Yeah, I only live like thirty minutes from there so if I go I’ll ride with Axell and those dudes. I’ll bring a camera every once in a while. Brian McCarty has been staying at our house for a little bit, and he decided to go out there so I went with him. Axell’s always there, so I just filmed those dudes.

I was going to ask if you ever get a chance to ride out there, but combing through your Instagram recently I saw that video of you coming up short off the freestyle ramp.

Yeah… that one got pretty popular. [laughs] On a 250 I could hit that ramp pretty good. I mean I’m not like a ramp guy, but on the 250 I was alright because you hit it third gear pretty wide open. But that day I wasn’t really gonna hit it because I was getting used to the 450, I had just gotten my Suzuki. So I was sitting there with John Sanders, Twitch, Axell, Nate [Adams], and Bilko. I was just going around the track, but I always park inside the freestyle area just to hang out with those dudes, and [John] comes up and goes, “Hey, are you gonna hit the ramp today!?”

I was like, “…you dick,” because he says it right in front of everyone, so I’m thinking, “now I’m going to…”

So I hit it clean twice, but it was the third time that I just cased the shit out of it. On the 450 the timing is a little different with the throttle and I went a little deep.

Well I’m glad you rode out of it. I’ve got a handful of questions here I’d like to jump into right now though. I want to start with your origins. You’re from Annapolis, Maryland?

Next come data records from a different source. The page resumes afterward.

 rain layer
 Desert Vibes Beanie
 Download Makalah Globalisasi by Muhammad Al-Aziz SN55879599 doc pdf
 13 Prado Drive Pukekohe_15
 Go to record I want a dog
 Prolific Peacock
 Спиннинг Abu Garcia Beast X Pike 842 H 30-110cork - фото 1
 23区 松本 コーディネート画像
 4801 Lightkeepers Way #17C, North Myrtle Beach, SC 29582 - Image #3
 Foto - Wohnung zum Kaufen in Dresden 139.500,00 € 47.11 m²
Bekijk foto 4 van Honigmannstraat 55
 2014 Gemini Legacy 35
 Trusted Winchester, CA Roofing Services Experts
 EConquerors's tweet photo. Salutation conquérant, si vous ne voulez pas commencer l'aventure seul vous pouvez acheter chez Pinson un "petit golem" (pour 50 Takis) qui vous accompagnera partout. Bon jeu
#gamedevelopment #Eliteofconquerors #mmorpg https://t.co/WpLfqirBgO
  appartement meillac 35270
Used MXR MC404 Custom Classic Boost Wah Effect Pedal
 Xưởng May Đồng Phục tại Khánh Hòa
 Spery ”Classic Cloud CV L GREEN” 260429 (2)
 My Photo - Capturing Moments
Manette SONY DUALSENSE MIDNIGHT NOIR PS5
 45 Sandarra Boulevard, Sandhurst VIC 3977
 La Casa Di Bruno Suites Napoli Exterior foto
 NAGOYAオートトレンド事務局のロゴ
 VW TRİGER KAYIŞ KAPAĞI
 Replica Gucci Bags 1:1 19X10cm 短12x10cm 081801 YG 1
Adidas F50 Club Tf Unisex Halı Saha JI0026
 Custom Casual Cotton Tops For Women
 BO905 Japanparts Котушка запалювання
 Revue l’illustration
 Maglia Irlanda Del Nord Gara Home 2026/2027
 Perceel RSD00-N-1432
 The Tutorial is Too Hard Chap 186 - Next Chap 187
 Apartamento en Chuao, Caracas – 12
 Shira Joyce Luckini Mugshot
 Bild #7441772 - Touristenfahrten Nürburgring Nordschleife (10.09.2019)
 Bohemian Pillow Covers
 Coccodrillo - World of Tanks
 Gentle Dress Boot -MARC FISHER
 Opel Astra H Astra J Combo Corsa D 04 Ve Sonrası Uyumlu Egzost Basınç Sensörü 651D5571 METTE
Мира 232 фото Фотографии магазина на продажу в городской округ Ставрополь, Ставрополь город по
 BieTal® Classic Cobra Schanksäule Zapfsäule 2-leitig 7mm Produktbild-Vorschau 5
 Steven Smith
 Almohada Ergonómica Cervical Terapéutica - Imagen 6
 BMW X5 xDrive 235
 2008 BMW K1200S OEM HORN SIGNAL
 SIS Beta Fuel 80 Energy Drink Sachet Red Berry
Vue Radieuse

I was born there but I didn’t really grow up there, I grew up in Charlotte, North Carolina. Right by JGR, pretty much. But yeah, from Annapolis. I’d rather say I’m from Maryland than North Carolina.

[laughs] Why’s that?

I don’t know man, it’s North Carolina. I was actually born right by Travis [Pastrana’s] house, my Dad and Travis used to ride together at Budds Creek. They weren’t really friends, but Travis was the local kid on the 60 killing it. So it was funny, I was born there and then this year I was back there again. I ended up working there, right where I was from.

Coming full circle.

[laughs] I guess.

Did you ride a lot as a kid?

I stopped riding when I was on 80’s, but yeah, I was pretty serious on 50’s and 65’s. I was really good locally, I won everything locally. I never really did big races but we grew up with Cooper Webb, Jordon Smith, they were always at local races. We kind of knew I stacked up pretty well on a national level. I don’t think I would’ve won a championship, but I would’ve been a top three dude I think, on 65’s and 50’s. I just got burnt out, I was over it. Around this time Ernesto [Fonseca] got hurt, we were kind of friends with him and after he became paralyzed my parents were thinking I should stop riding as well, but really I was burnt out. We had a track at my house that I’d ride on everyday, so yeah.

I kind of regret stopping though, I wish I would’ve kept going because now that I’ve moved out to California [I’m riding more]. I haven’t really ridden since I was ten, but now that I’m riding again all I can think is, “I should’ve just stuck with it and made some money.” You know, Cooper’s got a million dollar contract… probably should’ve just dealt with the burn out.

Maybe you wouldn’t have sacked yourself at Pala if you kept riding!

[laughs] No kidding.

What was it like riding on the east coast back in those days, in a time before that area became a hotbed for training facilities? Places like Club MX, Jimmy Weinert Training Facility, or South of the Border just below the state.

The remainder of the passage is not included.